**GOAL OF THE EXERCISE**
The required output is the stretch from the line containing "Gólman Filip Novotný v utkání proti Spartě" through the line containing "Brand new with" in the records below, unaltered and with no pictures.

[Start of Attachment]

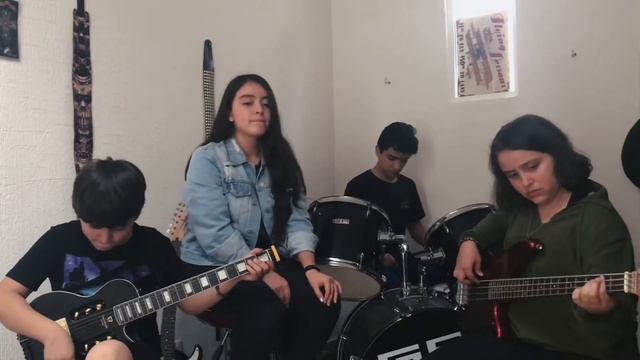 Seven Nation Army (Cover) - HUSH смотреть онлайн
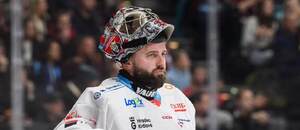 Gólman Filip Novotný v utkání proti Spartě
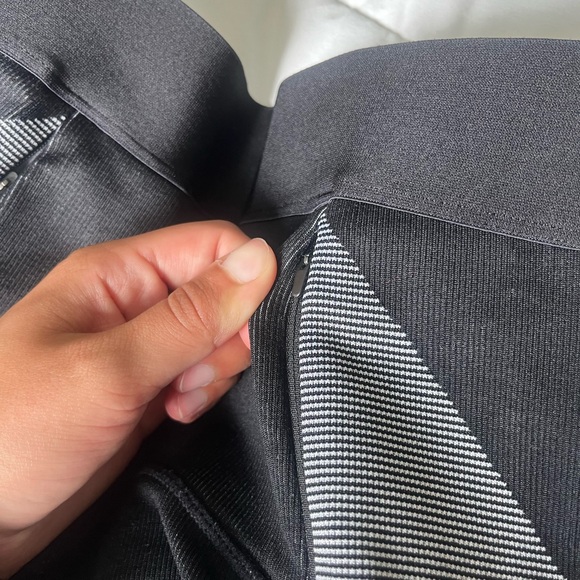 Fabletics Leggings - Picture 5 of 6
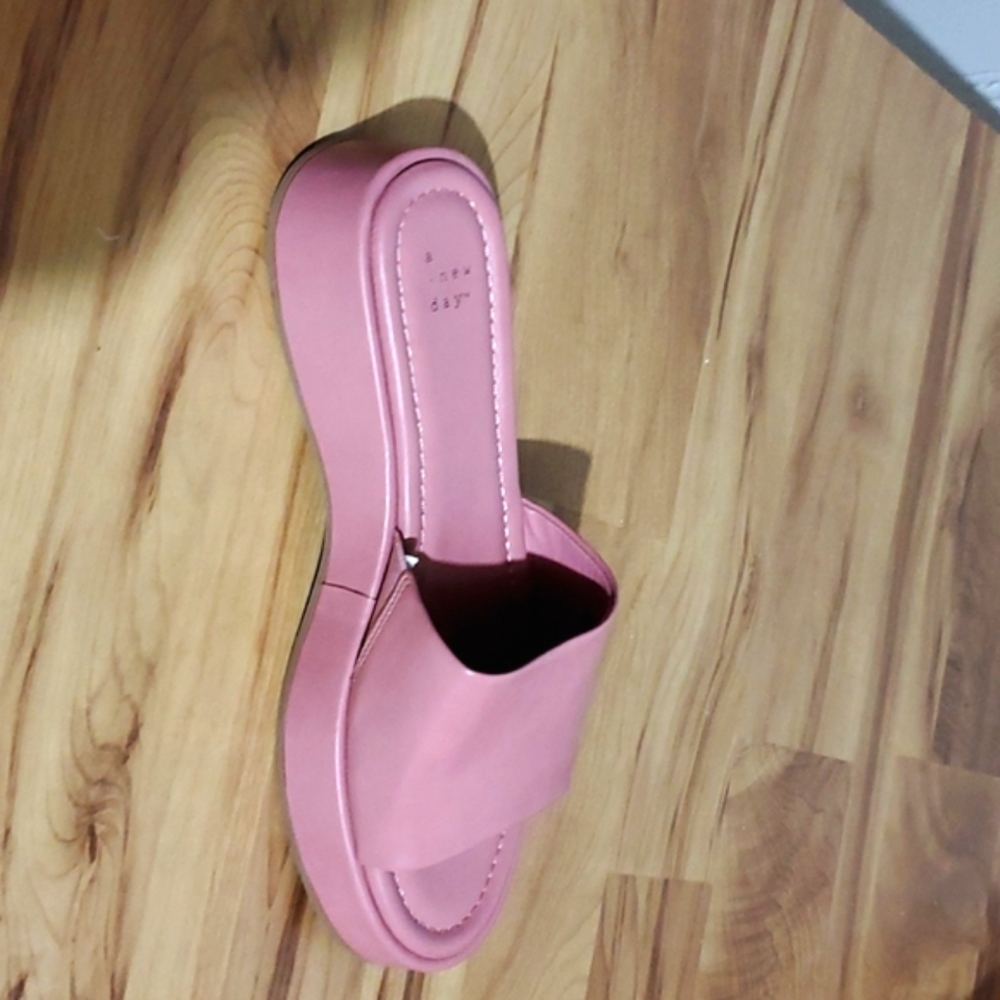 Brand new with tag women's a new day comfortable casual shoes. Size 10,pinkish.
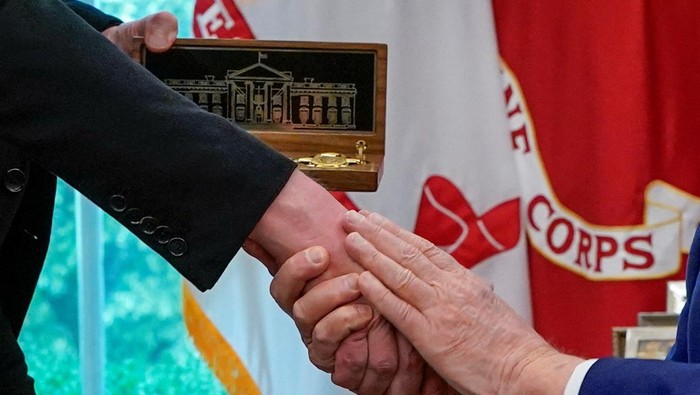 USA-TRUMP/ Elon Musk receives the key to the White House from U.S. President Donald Trump during a press conference in the Oval Office at the White House, in Washington, D.C., U.S., May 30, 2025. REUTERS/Nathan Howard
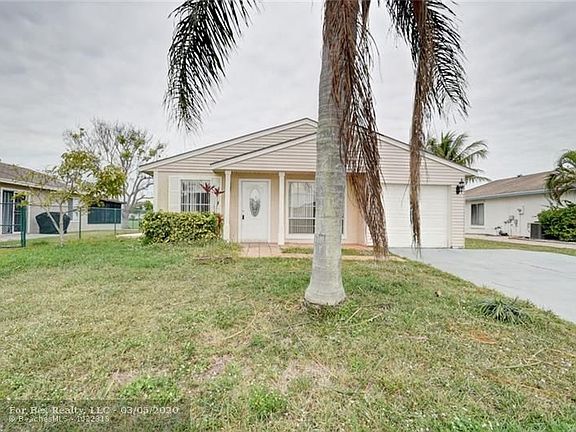 Home For Sale In Country Park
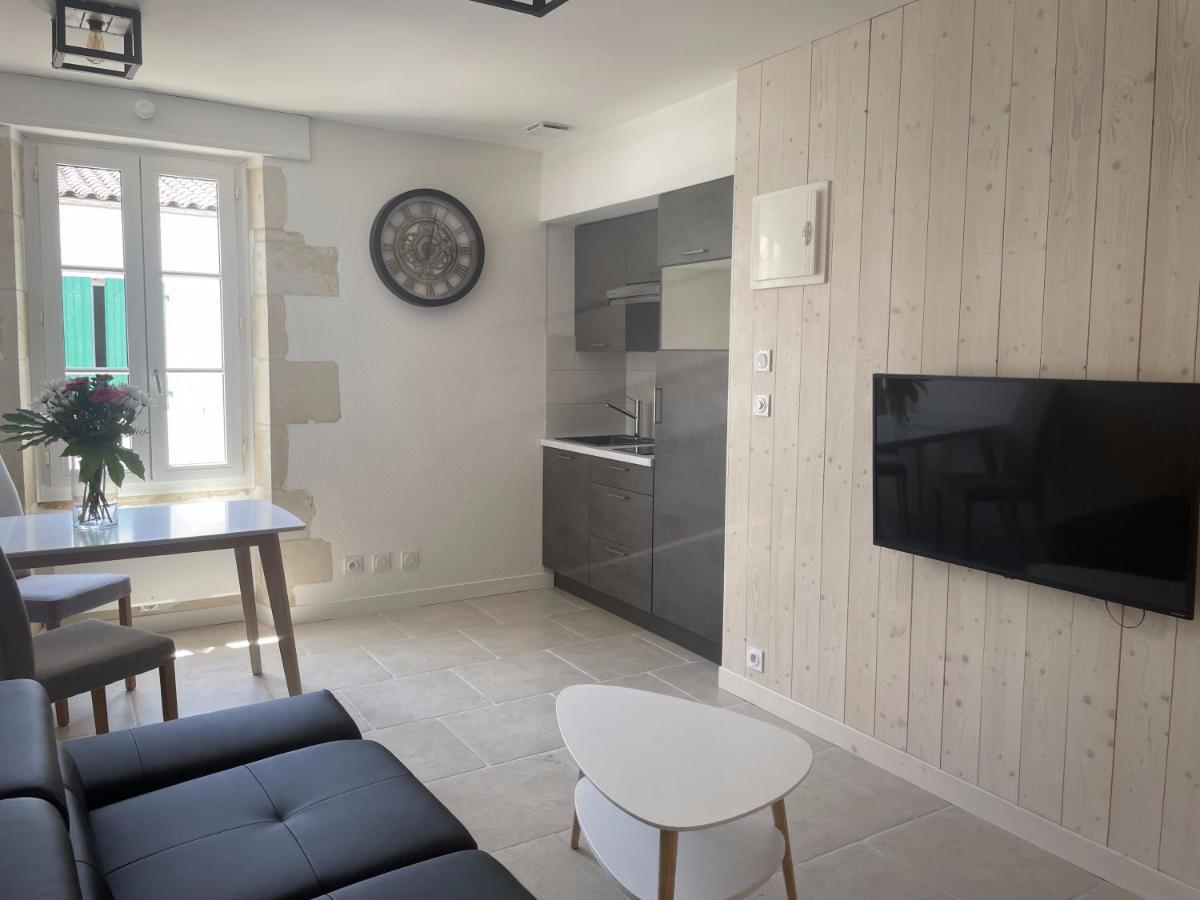 Ferienwohnung Tribord La Flotte Exterior foto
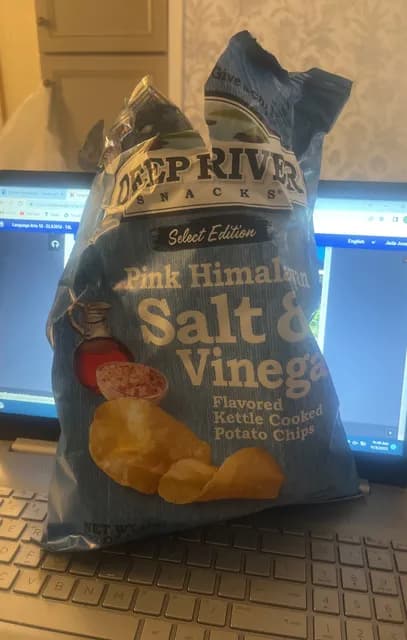 Deep River Snacks Select Edition Pink Himalayan Salt & Vinegar Flavored Kettle Cooked Potato Chips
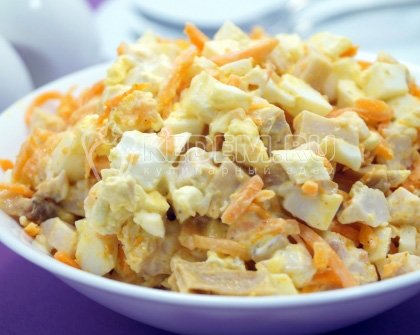 Салат с курицей и морковью «Молния»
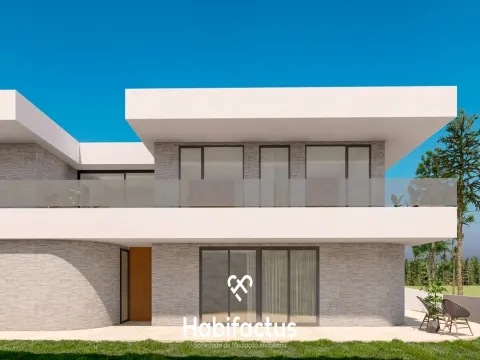 Moradia Geminada T3+1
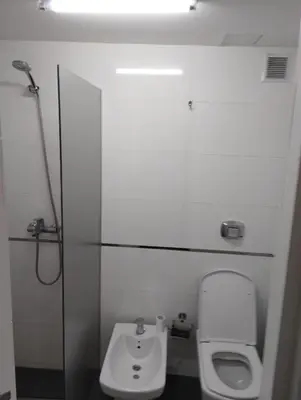 a bathroom with a toilet and a sink at Medilan Kempes Exclusivo in Cordoba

[End of Attachment]

**REPLY TO THE EXERCISE**
 Gólman Filip Novotný v utkání proti Spartě
 Fabletics Leggings - Picture 5 of 6
 Brand new with tag women's a new day comfortable casual shoes. Size 10,pinkish.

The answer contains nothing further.